**Provided material**:

******************************

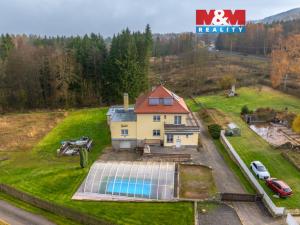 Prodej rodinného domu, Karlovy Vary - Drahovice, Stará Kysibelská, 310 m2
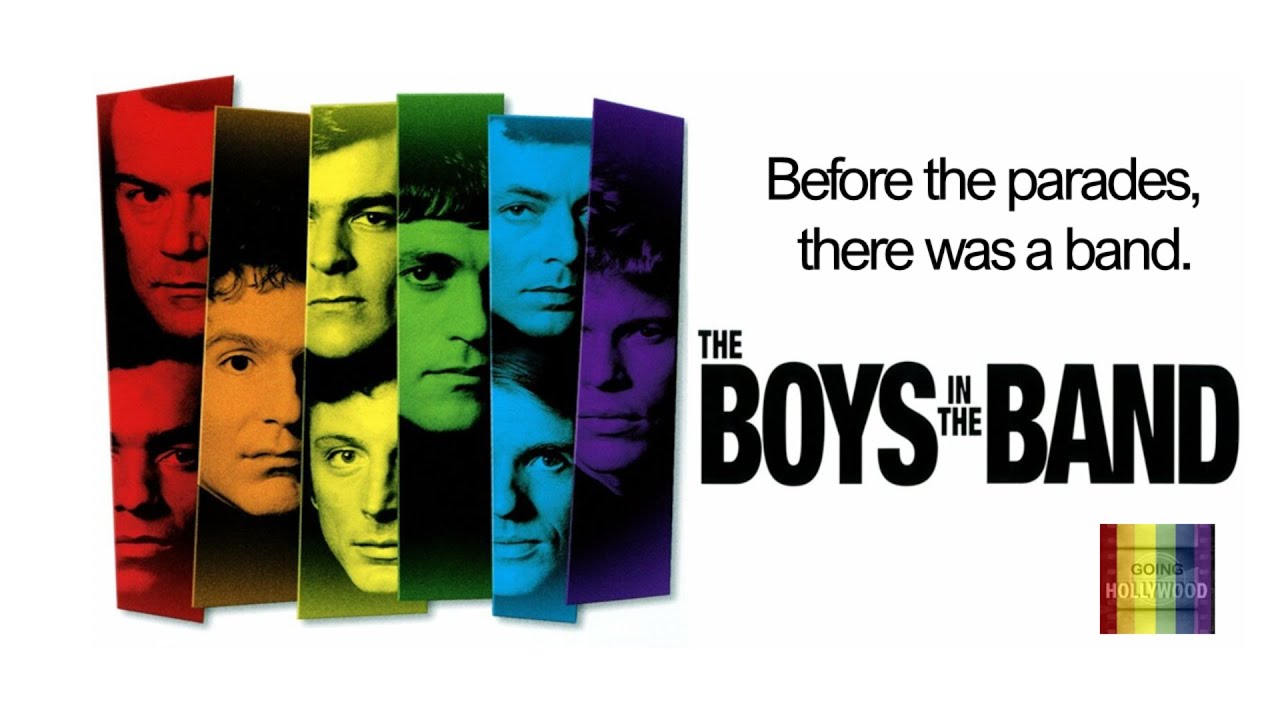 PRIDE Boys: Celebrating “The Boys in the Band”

******************************

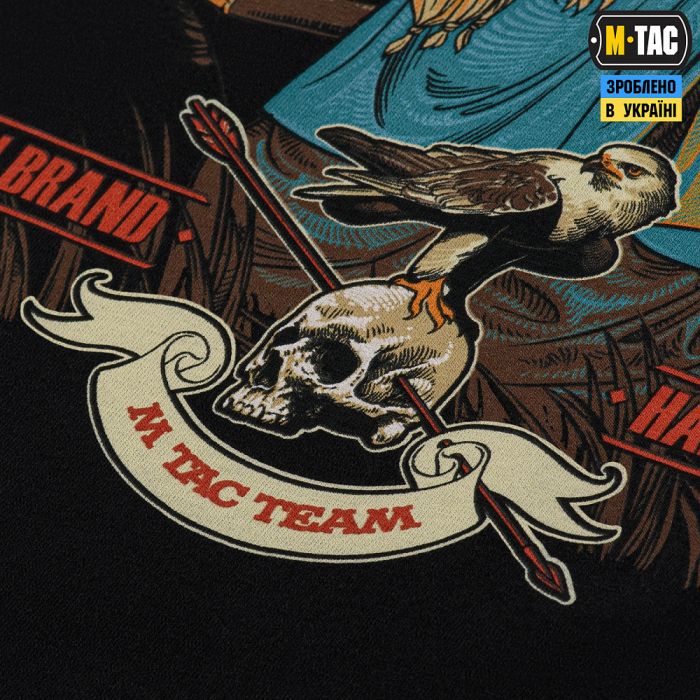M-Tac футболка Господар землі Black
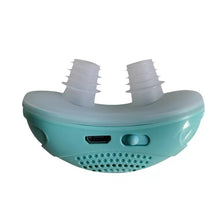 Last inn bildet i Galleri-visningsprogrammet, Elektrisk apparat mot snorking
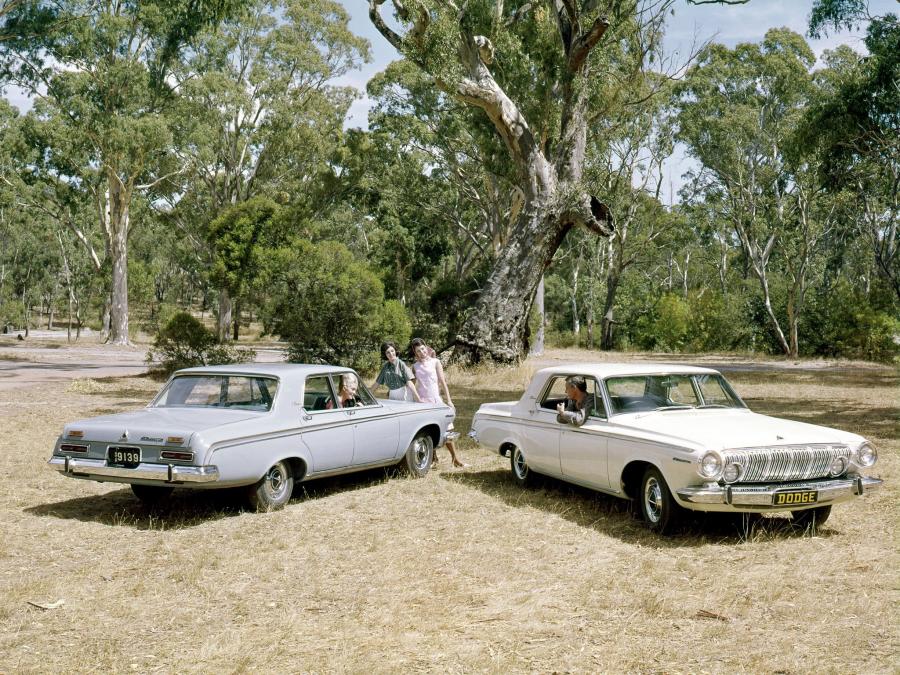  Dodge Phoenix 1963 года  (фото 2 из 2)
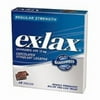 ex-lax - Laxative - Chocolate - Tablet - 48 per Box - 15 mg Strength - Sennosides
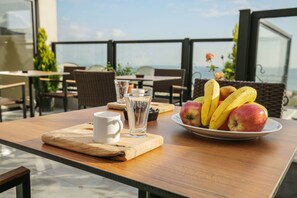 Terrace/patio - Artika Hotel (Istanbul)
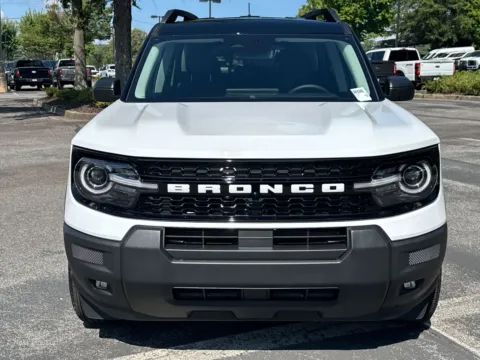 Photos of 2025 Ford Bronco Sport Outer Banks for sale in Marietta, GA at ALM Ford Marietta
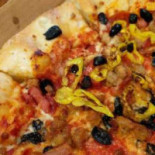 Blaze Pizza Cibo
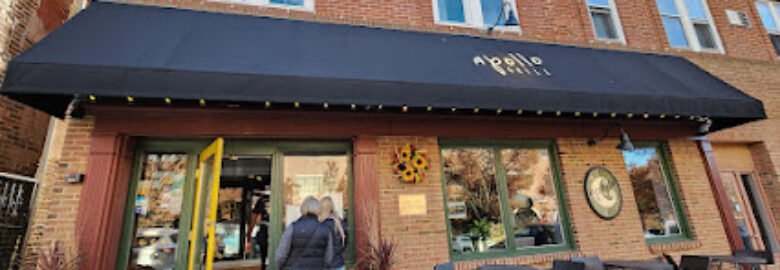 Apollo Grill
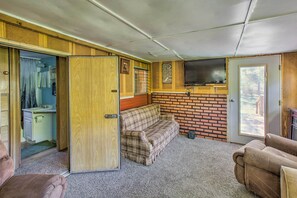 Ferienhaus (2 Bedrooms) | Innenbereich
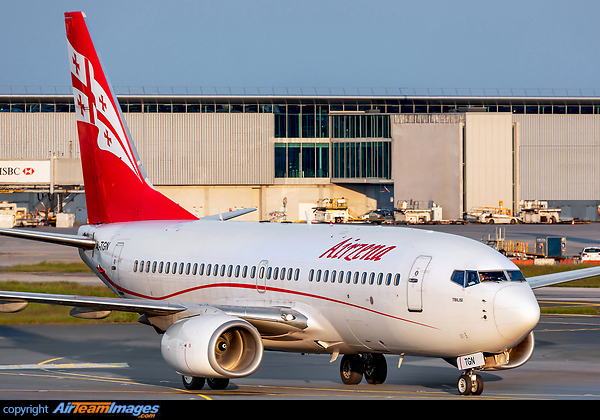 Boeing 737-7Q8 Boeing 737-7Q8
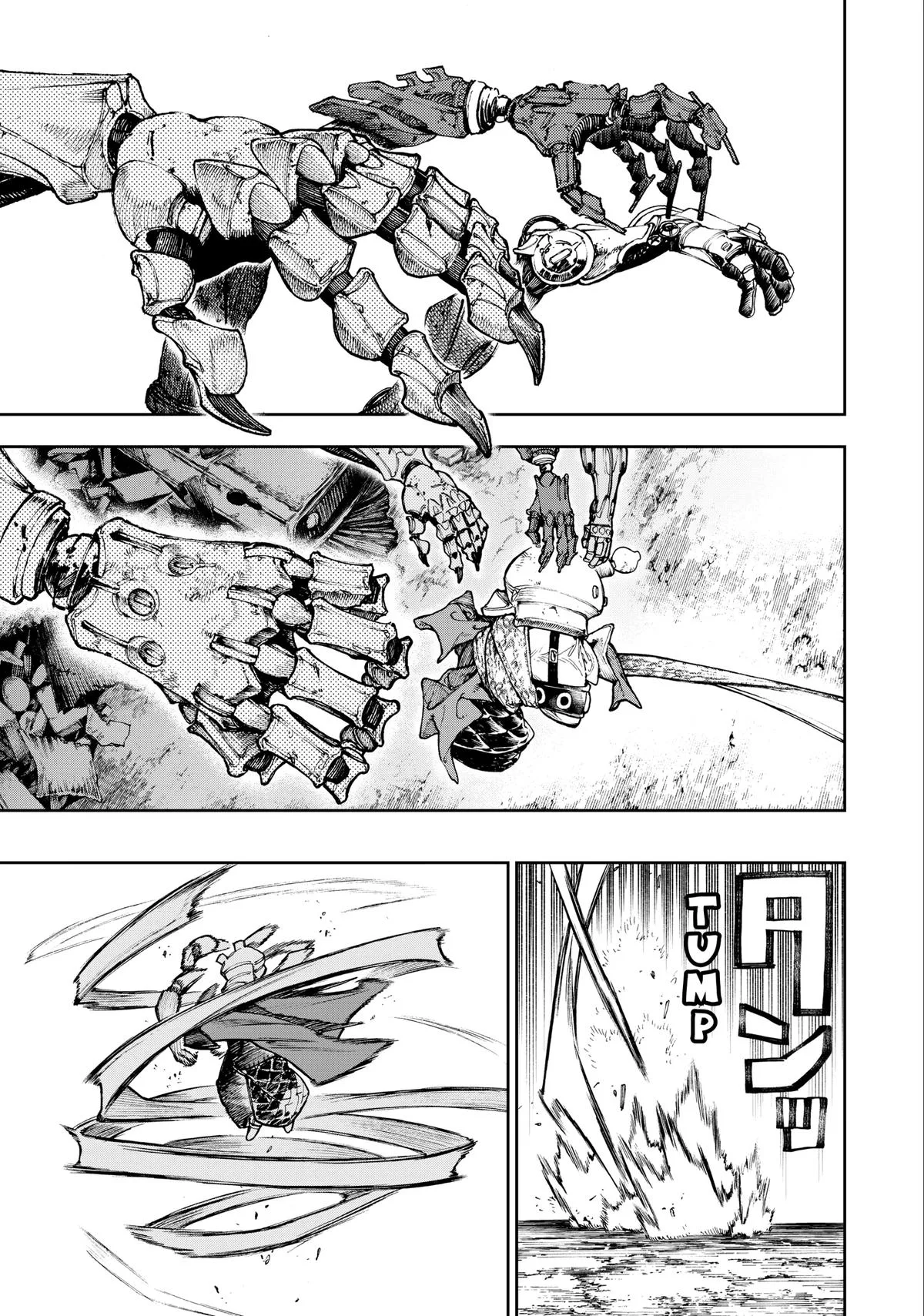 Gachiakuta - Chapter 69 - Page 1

******************************

**Task**:
Nothing but the lines from the one containing "Blaze Pizza Cibo" through the one containing "Gachiakuta - Chapter 69 - Page 1" should appear, copied exactly from the material above and without pictures.

**Solution for this problem**:
 Blaze Pizza Cibo
 Apollo Grill
 Ferienhaus (2 Bedrooms) | Innenbereich
 Boeing 737-7Q8 Boeing 737-7Q8
 Gachiakuta - Chapter 69 - Page 1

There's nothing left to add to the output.